My null hypothesis (H0) is that there there is no difference in the time it takes people (the population in general, not our sample) to name the ink colors for the two lists. My alternative hypothesis (H1) is one-sided - that it takes a longer time for people to name the ink colors from the incongruent list because the mismatch between the two messages (the meaning of the word and the color of the ink it was written with) would lead to more mental activity and, therefore, longer processing time.
A2b:
Given that the observations (subjects) are independent of each other, a parametric test of means is appropriate.
Since each subject was given two treatments, this calls for a paired test of means. Because my alternative is in one direction, the test will be one sided (“greater”).
Why did I choose to do a T-test instead of a Z-test?
Because T-test is more appropriate when a). sample size is small - only 24 observations in our case. b). because we have to use the sample standard deviation as an estimate of the unknown (and impossible to get) population standard deviation that is needed to calculate our test statistic.
#R-code
setwd('C:\\Users\\rf\\Google Drive\\Education\\R\\Udacity\\stroop')
#Load all libraries on top
suppressPackageStartupMessages(library(ggplot2))
suppressPackageStartupMessages(library(reshape))
#Manual input required - the name of the file
tinput = 'stroopdata.csv'
t <- read.csv(tinput)
# Data Preparation
# Add a row id, rename columns, calculate averages, variances, differences.
colnames(t) = c('con','inc')
t$id = 1:nrow(t)
t$d = t$inc - t$con
attach(t)
#print (summary(t))
conmu = round(mean(con),4)
incmu = round(mean(inc),4)
convar = round(var(con),4)
incvar = round(var(inc),4)
dmu = round(mean(d),4)
dvar = round(var(d),4)
Question 4: Plot the data
A4: please see the output from R below
#melt first for the histogram
t2 = melt(t, id=(c("id")))
t3 = subset(t2,(variable !='d'))
hist1 = ggplot(data = t3, aes(x = value, fill=variable)) +
geom_histogram(binwidth = 1, position="dodge") +
ylab('Count of subjects') +
xlab('Time to name the ink colors (seconds)') +
ggtitle('Histograms of the completion time for each list')
print (hist1)

Q6. What does the Stroop test really prove?
A6: The human brain is a very complex organic computer. Like any other computer, it is not immune to interferences, distractions, exhaustion. What the Stroop effect shows is that conflicting information affects the brain’s ability to respond and complete tasks. The more complex and contradictory the information, the more mental effort and time it takes to process and reconcile the information in order to complete the tasks.

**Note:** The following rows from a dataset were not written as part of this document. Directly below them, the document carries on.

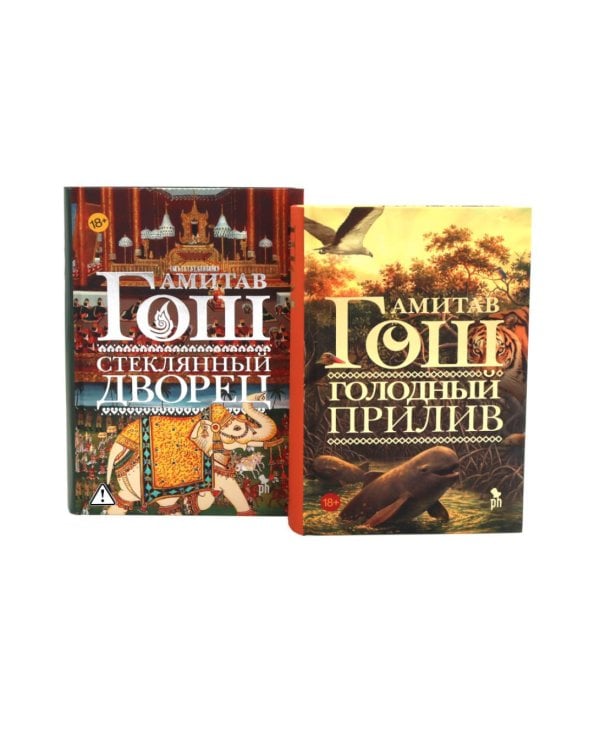 Дополнительное изображение книги «Голодный прилив + Стеклянный дворец (комплект из 2-х книг)»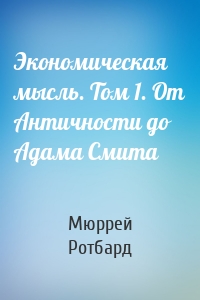 Экономическая мысль. Том 1. От Античности до Адама Смита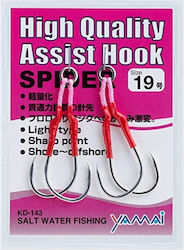 Αγκιστρια Assist Yamai Suteki Kd-143 19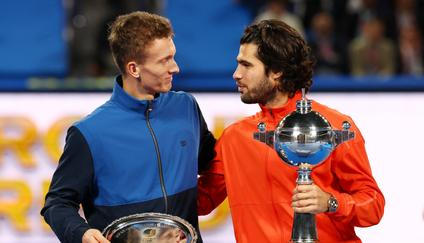 ATP 500 - Japan Open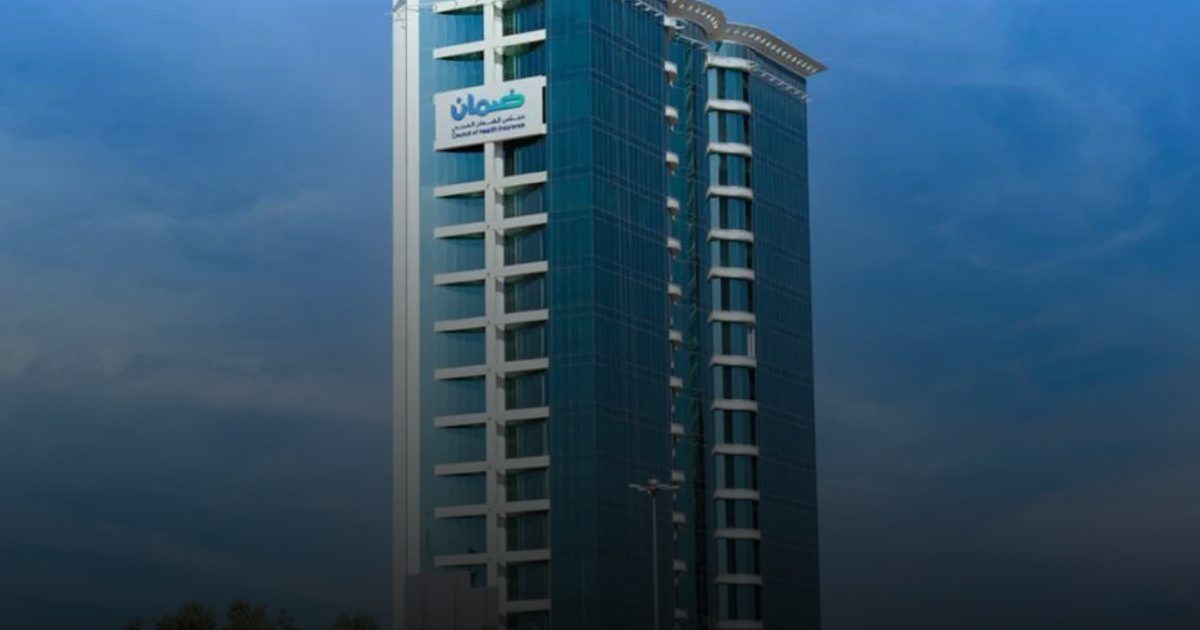 الضمان الصحي لـ”كبسولة الصحية”: مؤشرات دقيقة ورقابة رقمية لتعزيز التغطية الصحية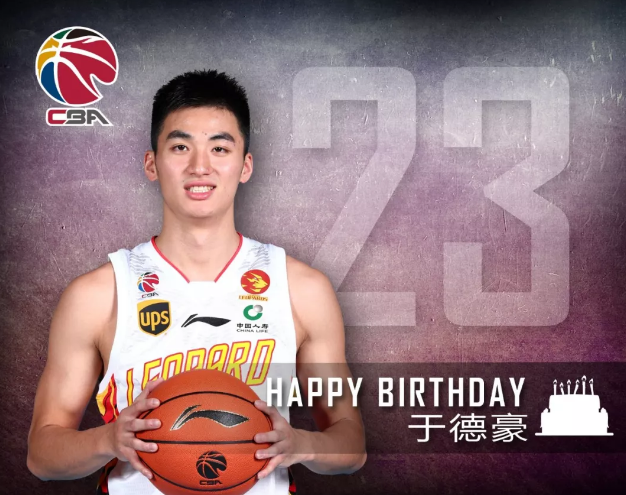 于德豪迎来23岁生日入选国家队我特别惊讶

One example that I have sometimes found myself in is the wrong names on the “hot” and “cold” faucets. It takes considerable effort to re-program the brain to turn on the “cold” faucet when what you really want is hot water. In general, pretty much any multi-tasking involving different projects would lead to similiar delays in response as well.
Comments: Pretty obvious that the completion time for the incongruent list is “right-shifted” in comparison to the congruent list.